Alexa immediately gathered up the baby. “Alright, I’ll go on in first.”
Sensing the tension, she hugged the child close and deliberately gave the Lees a wide berth as she slipped away.
Geoffrey turned to Catherine and said, “We have things to discuss, ones better kept within the family. There’s no need for outsiders to overhear.” He looked a little astonished. “I never thought your mother’s intuition could be so spot-on. From the very start, she felt something special when she saw you. Come home with us—she’s prepared everything.”

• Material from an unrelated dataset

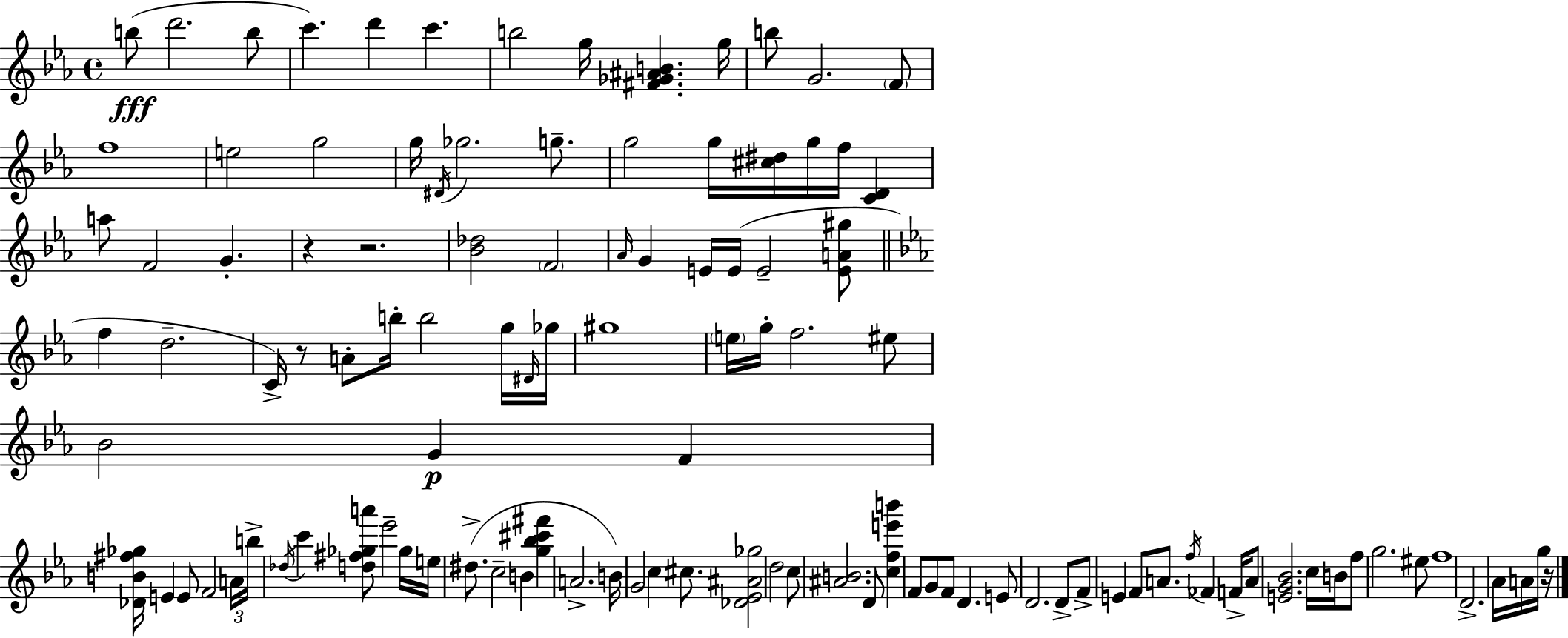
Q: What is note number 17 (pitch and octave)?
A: D#4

Adela nodded in agreement. “Don’t worry about your things. Just bring the baby and come with us. That’s all that matters.”
Catherine gestured to the sofa. “Please, sit down.”
She gestured to the carafe of water and glasses on the coffee table.
Geoffrey and Adela shared a glance before finally sitting.
“All these years, we know we owe you so much,” Adela began, leaning forward, desperation in her voice. “If you have any resentment, if you want to ask anything of us—whatever it is, just say it. We only want you to come home.”
Catherine sat upright, her expression calm and distant. “Geoffrey, Adela, I’m sorry, but I haven’t taken a DNA test. That’s because I honestly think you must be mistaken. I’ve never once heard the Lee family had a daughter. And besides, the director at my orphanage found me abandoned in the mountains outside Cabinda. Even if you did lose a daughter, I wouldn’t be her.”
If their daughter were lost, kidnapped, even stolen—she never would have ended up abandoned in Cabinda.
Adela responded immediately, “There must’ve been some mix-up behind all this. That’s why you were left in Cabinda. They didn’t want to commit a crime, but they also wanted to make sure we’d never find each other as mother and daughter.”